Comunidades donde apenas si habían escuchado la palabra “literatura” tuvieron acceso con estos talleres (y además gratuitos), impartidos por las distintas alcaldías de la Ciudad de México mediante programas, a la palabra, a la libertad de la creación, a reconocer que la literatura no está solo en los libros sino en lo que se escucha, en lo que se admira del barrio donde uno vive. Ignoro si en Zacatecas exista algo parecido, y espero me lo hagan saber. 

Talleristas de crónica, de cuento, de poesía hacen una labor por demás noble de trabajo comunitario. Estoy seguro que en un futuro de ahí saldrán Premios Nacionales y generaciones de autores que se reconocerán, más allá del tufo intelectual que siempre se aprecia en estos círculos, en la cancha de futbol, en el frontón a la salida de la escuela, en los personajes que conocieron gracias a la literatura y a los talleristas de literatura que trabajan en las 16 alcaldías con un apoyo económico que el gobierno de la ciudad les otorga mensualmente. 

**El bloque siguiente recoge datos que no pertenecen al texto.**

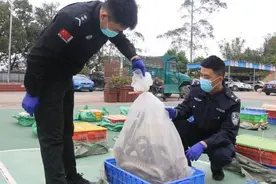 广西边境检查站查获55箱非法活体蛇图片
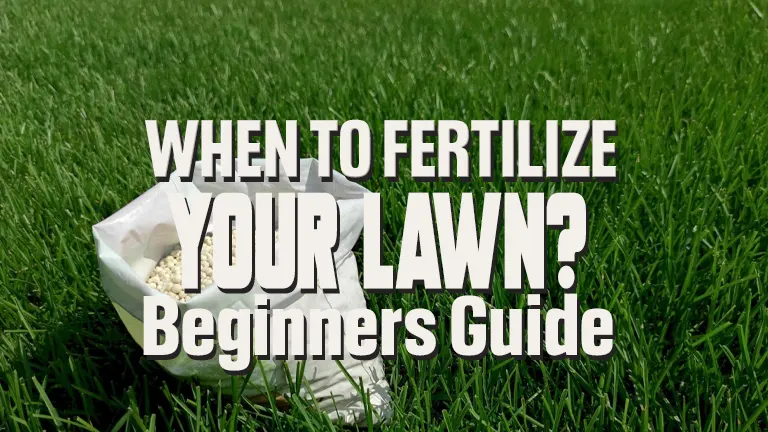 When to Fertilize Your Lawn: Best Timing for Optimal Growth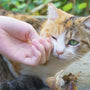 a cat is being petted by a person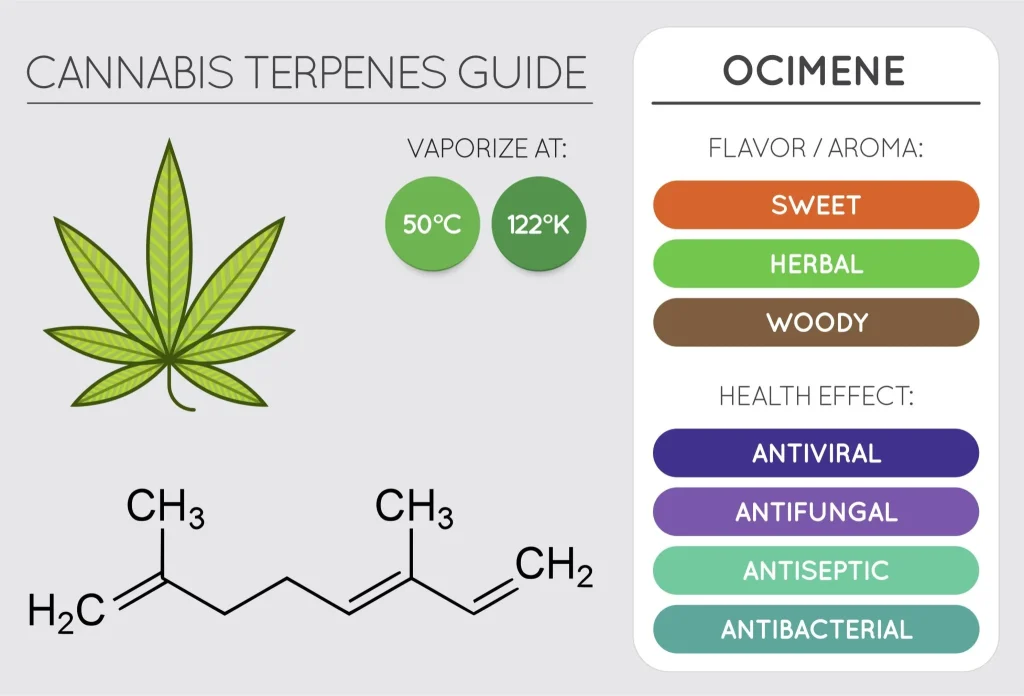 Ocimene terpene 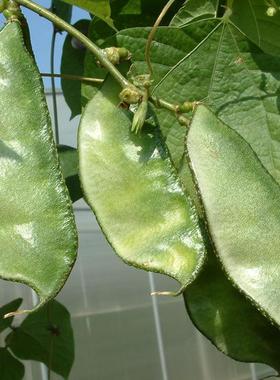 豆菜角种孑豆眉豆种连续绿结猪朵耳角果种梅蔬籽种大孑子田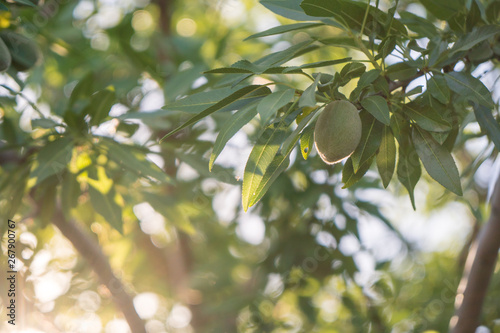 Unripe almonds on tree in orchard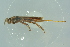  ( - GBOL18796)  @12 [ ] CreativeCommons - Attribution Non-Commercial Share-Alike (2016) SNSB, Staatliche Naturwissenschaftliche Sammlungen Bayerns ZSM (SNSB, Zoologische Staatssammlung Muenchen)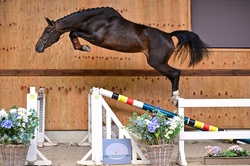 Tialitha Warmblood Jumper photo 1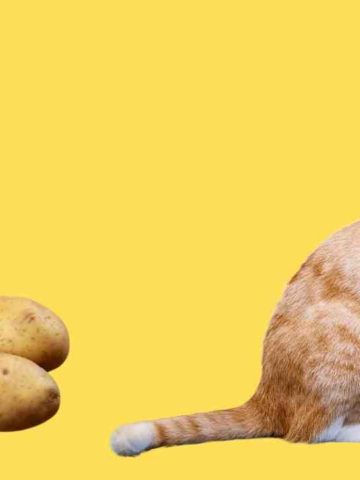 Are Potatoes Safe For Cats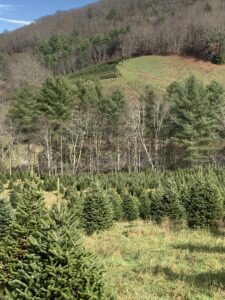 Cover photo for Ethnobotany Is Real Christmas Trees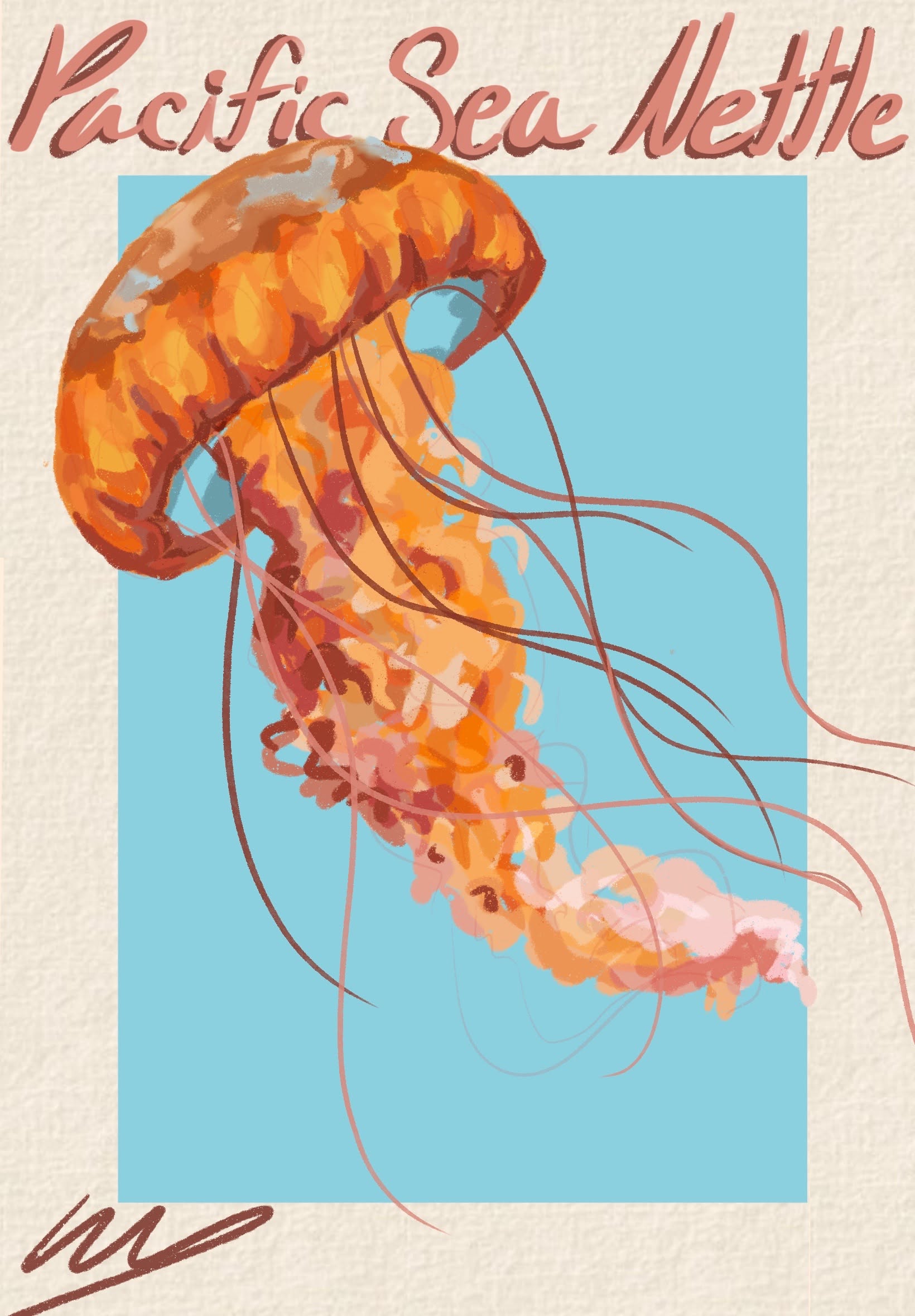 Pacific Sea Nettle Jellyfish Poster, …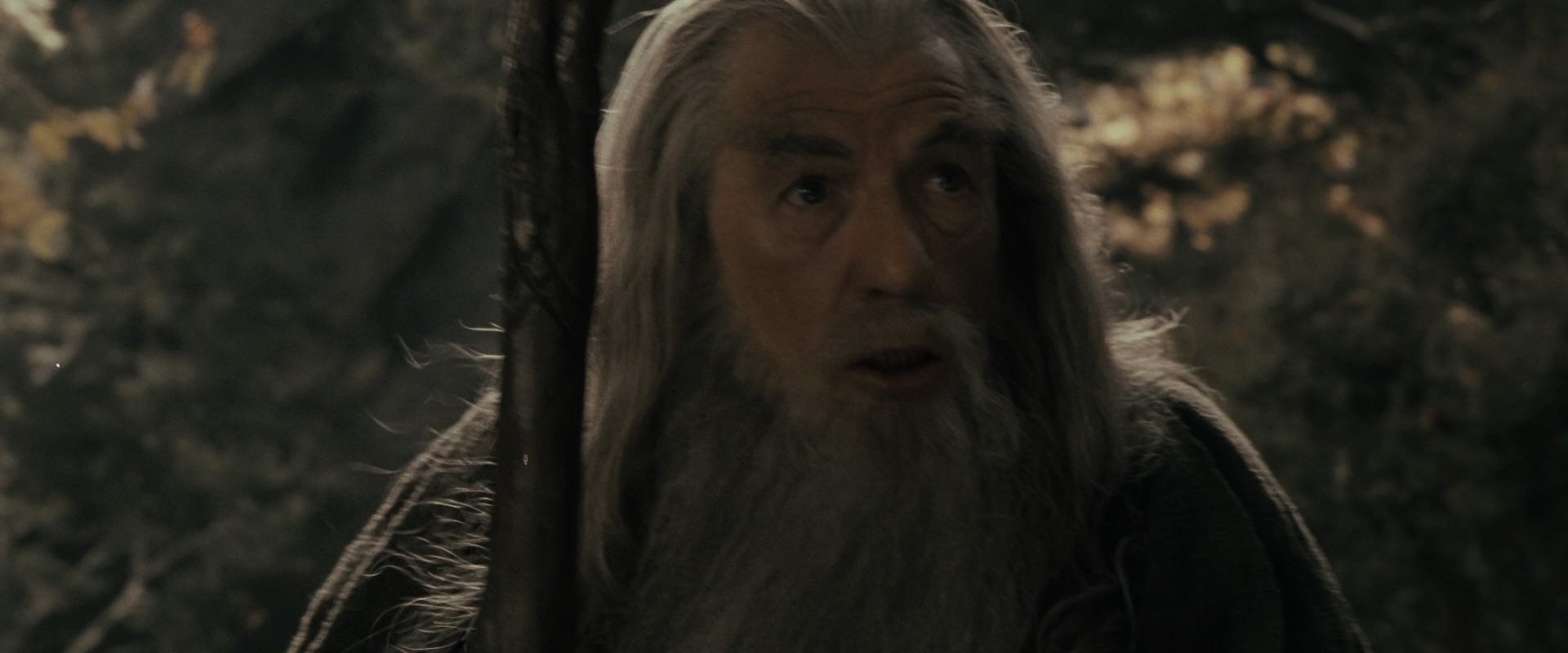 The Lord of the Rings: The Fellowship of the Ring (2001) HD screenshot 11636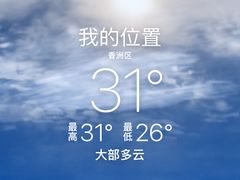 -喜上喜鸡煲翅(吉大店)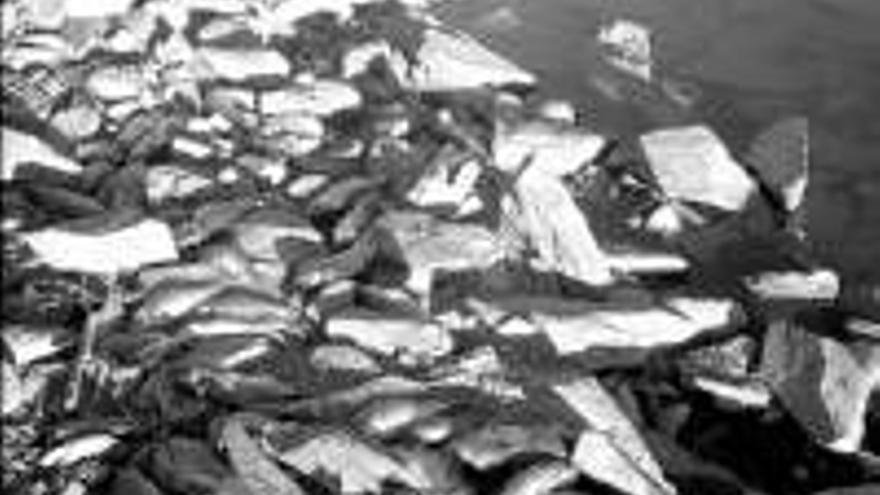 Cientos de peces muertos aparecen en el Borbollón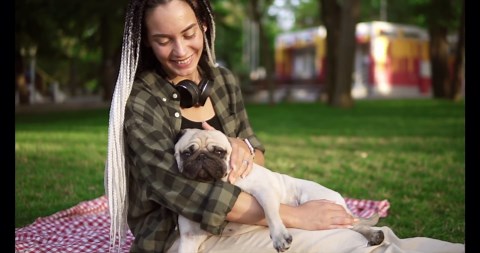 Ten most popular dog breeds in the United Kingdom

Si de los mejores trabajos que presenten los usuarios se consiguiera una antología sería un trabajo comunitario que motivaría a los demás a escribir desde sus barrios, colonias; aparte de que significaría un reconocimiento a la labor de los talleristas de literatura que con tanto ahínco y paciencia no solo enseñan el maravilloso arte de la literatura sino que lo modifican, hacen sus propias técnicas, poesía con crayolas, tendederos de textos, se valen de todos los recursos (y miren que son limitados) para que el niño, el adolescente, el adulto o el adulto mayor pierdan primero el miedo a la palabra escrita y luego se suelten a contar todo lo que quieran contar. Y les aseguro que es un montón. Me tocó leer una crónica de un señor de 87 años que hablaba de cómo era su colonia en Iztapalapa, ¿se imaginan? Hay un trabajo de memoria histórica impresionante que se está recuperando en esos textos, en esos testimonios. Un muy merecido reconocimiento a todos los talleristas de literatura que participan en tan increíble labor. Yo al menos me quedé con un muy buen sabor de boca de su trabajo y los admiro porque sé bien que trabajar con las letras no es tan sencillo, que en ocasiones se enfrentan a usuarios que nunca han leído un libro en su vida, que nunca han escrito más allá de su nombre en documentos. Ahí, en esos centros, está la literatura. Ahí es donde deberían acudir los académicos en lugar de a sus anodinas conferencias. Ahí es donde se va a gestar el cambio. Y, por supuesto, una vez que aprendan a escribir, a contar, puede, incluso, llegar la transformación social por medio de la palabra escrita. Felicidades talleristas.